It seems like just yesterday that the strange monolithic look of the Xbox Series X was announced. But how does its size compare to other consoles like the Xbox One and PS4?
The comparisons between the console and a fridge did not take long to emerge after that odd reveal, and many people noticed that the Xbox Series X looks a lot like a PC tower - well, a cross between a PC tower and a fridge.
Style is a strangely important factor when it comes to consoles, just look at how many people have special edition versions of consoles they already own.
If you're wondering why the Xbox Series X looks quite so huge, and how its size compares to other consoles, read on...
Xbox Series X size compared to other consoles - video
Now that an Xbox Series X prototype has been displayed in the wild, fans are starting to make some pretty convincing mock-ups to scale.
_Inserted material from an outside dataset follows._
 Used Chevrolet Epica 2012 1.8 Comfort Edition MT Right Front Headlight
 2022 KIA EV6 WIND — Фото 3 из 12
And a German YouTuber called Maniak Gaming has done us a favour, by putting his Xbox Series X scale model next to various other consoles.
So have a look at this video to see a decent approximation of what the Xbox Series X will look like next to the PS4, the Xbox One, the Nintendo Switch and numerous other pieces of tech...
Why is the Xbox Series X so big?
Well, Digital Foundry sat down some of the designers at Microsoft and chatted to them about the challenges in a fascinating article.
"We didn't have stuff we could test, we didn't have measurements we could take, we knew it was going to be powerful, and we knew it was going to require a totally different way of thinking about how to design a console," said Chris Kujawski, principal designer at Microsoft.
It was struggles like this which led to that intriguing design, which Microsoft itself is quite happy comparing to a fridge...
What was the issue with designing the Xbox Series X?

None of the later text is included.